In the shell, type in the following.
  {"f1": "value1"}

In the following example, we read the value of the messages in JSON.

bin/kafka-avro-console-consumer --topic t1 \
  --zookeeper localhost:2181

You should see following in the console.
  {"f1": "value1"}

In the following example, we send strings and Avro records in JSON as the key and the value of the message, respectively.

bin/kafka-avro-console-producer --broker-list localhost:9092 --topic t2 \
  --property parse.key=true \
  --property key.schema='{"type":"string"}' \
  --property value.schema='{"type":"record","name":"myrecord","fields":[{"name":"f1","type":"string"}]}'

In the shell, type in the following.
  "key1" \t {"f1": "value1"}

In the following example, we read both the key and the value of the messages in JSON,

bin/kafka-avro-console-consumer --topic t2 \
  --zookeeper localhost:2181 \
  --property print.key=true

You should see following in the console.
   "key1" \t {"f1": "value1"}

Wire Format

Most users can use the serializers and formatter directly and never worry about the details of how Avro messages are mapped to bytes. However, if you’re working with a language that Confluent has not developed serializers for, or simply want a deeper understanding of how the Confluent Platform works, you may need more detail on how data is mapped to low-level bytes.

The wire format currently has only a couple of components:

Bytes Area Description
0 Magic Byte Confluent serialization format version number; currently always 0.
1-4 Schema ID 4-byte schema ID as returned by the Schema Registry
5-… Data Avro serialized data in Avro’s binary encoding. The only exception is raw bytes, which will be written directly without any special Avro encoding.

Note that all components are encoded with big-endian ordering, i.e. standard network byte order.

Compatibility Guarantees

The serialization format used by Confluent Platform serializers is guaranteed to be stable over major releases without any changes without advanced warning. This is critical because the serialization format affects how keys are mapped across partitions. Because many applications depend on keys with the same logical format being routed to the same physical partition, it is usually important that the physical byte format of serialized data does not change unexpectedly for an application. Even the smallest modification can result in records with the same logical key being routed to different partitions because messages are routed to partitions based on the hash of the key.
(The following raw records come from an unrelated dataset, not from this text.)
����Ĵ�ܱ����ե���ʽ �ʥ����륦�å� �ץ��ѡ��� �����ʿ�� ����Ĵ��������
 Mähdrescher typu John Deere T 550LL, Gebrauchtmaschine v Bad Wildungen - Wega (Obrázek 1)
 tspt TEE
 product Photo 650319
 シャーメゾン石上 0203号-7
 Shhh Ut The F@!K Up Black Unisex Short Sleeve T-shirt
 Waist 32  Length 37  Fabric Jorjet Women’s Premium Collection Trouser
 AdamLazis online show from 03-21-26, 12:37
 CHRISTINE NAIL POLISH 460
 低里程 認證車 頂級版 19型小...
In order to ensure there is no variation even as the serializers are updated with new formats, the serializers are very conservative when updating output formats. To ensure stability for clients, Confluent Platform and its serializers ensure the following:

  • The format (including magic byte) will not change without significant warning over multiple Confluent Platform major releases. Although the default may eventually be changed infrequently to allow adoption of new features by default, this will be done very conservatively and with at least one major release between changes, during which the relevant changes will result in user-facing warnings so no users will be caught off guard by the need for transition. Very significant, compatibility-affecting changes will guarantee at least 1 major release of warning and 2 major releases before an incompatible change will be made.
  • Within the version specified by the magic byte, the format will never change in any backwards-incompatible way. Any changes made will be fully backward compatible with documentation in release notes and at least one version of warning will be provided if it introduces a new serialization feature which requires additional downstream support.
  • Deserialization will be supported over multiple major releases. This does not guarantee indefinite support, but support for deserializing any earlier formats will be supported indefinitely as long as there is no notified reason for incompatibility.